The DOJ and the magistrate know what the affidavit says. The likelihood of the magistrate releasing the affidavit publicly, given assertions of the DOJ, seems low. The media can wait. We can wait. We know the man stole and held stuff he should never have taken, and he stalled over returning the stolen goods. He might have been on the verge of moving them from where, it appears, the government was told they were presently kept.
Finally, release publicly of the entire affidavit now, before the DOJ and investigators review the scope of the theft - and stalling refusal to return the goods - would arguably be premature. As in do the damage assessment first.
Congressional people might be effective in seeking a closed door review on a limited basis, people with suitable clearances be it staff or office holders, in a limited number, under penalty if revealing things, etc. But with leaks as prevalent as they are in DC, could such a process be trusted to assure continued confidentiality until a later, more appropriate time? People talk, even when swearing they would not.

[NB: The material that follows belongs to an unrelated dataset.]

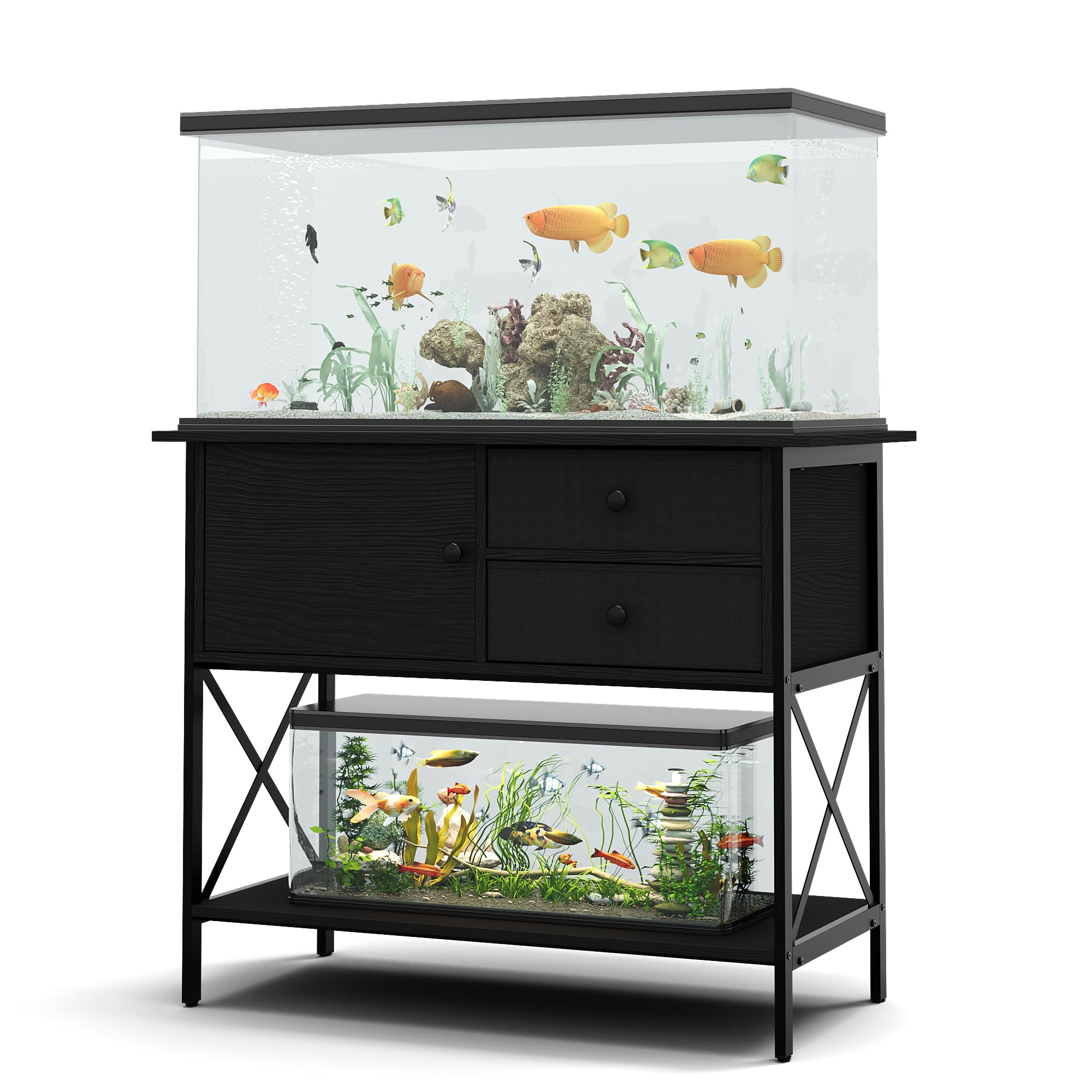 FILKO Aquarium Stand: Metal 29 Gallon Fish Tank Stand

The bottom line seems that the motion will be heard and denied. For multiple reasons denying release now makes sense. One can wonder why the DOJ did not move earlier, since it was apparent after Trump was subpoenaed that he was stalling and not complying. They waited months. Something exigent must have been perceived causing them to decide to move now as they did. Informant information may have been deemed subject to going stale, e.g., document movement if immediate action was not taken upon the information the DOJ held. It is speculative since only the DOJ and the magistrate know facts we do not know.
The law trusts them that way. Who is Trump to think he deserves a different set of laws? A man being investigated for multiple alleged misdeeds, including ginning up the Capitol occupation. A man yearning to keep a position from which voters removed him. A boundless ego with bounded talent and questionable judgment.